Segment Start: RECORDS FOR THIS TASK
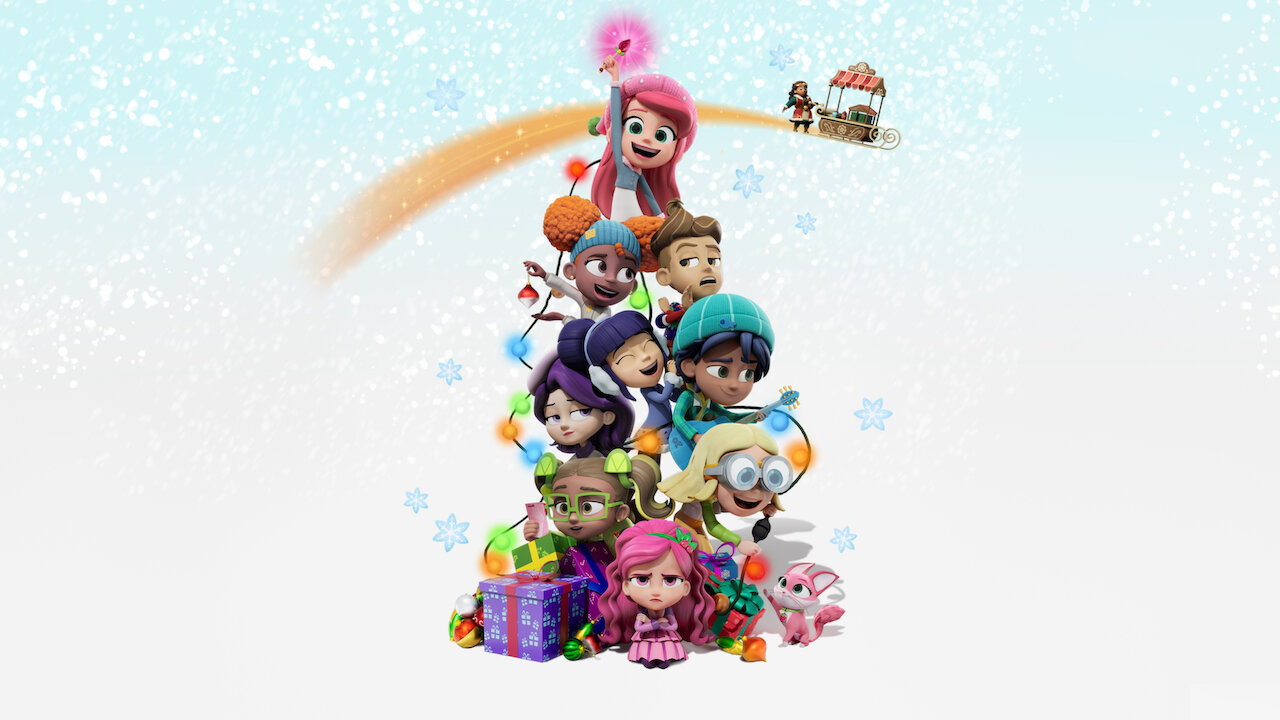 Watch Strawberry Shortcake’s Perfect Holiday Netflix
Segment End: RECORDS FOR THIS TASK
Segment Start: RECORDS FOR THIS TASK
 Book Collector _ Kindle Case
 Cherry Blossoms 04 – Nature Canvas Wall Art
Segment End: RECORDS FOR THIS TASK
*PROBLEM REQUIREMENTS:* Take the lines above from the one containing "Book Collector _ Kindle Case" down to the one containing "Cherry Blossoms 04 – Nature Canvas Wall Art", and transcribe them exactly, both ends included.

*ANSWER SECTION:*
 Book Collector _ Kindle Case
 Cherry Blossoms 04 – Nature Canvas Wall Art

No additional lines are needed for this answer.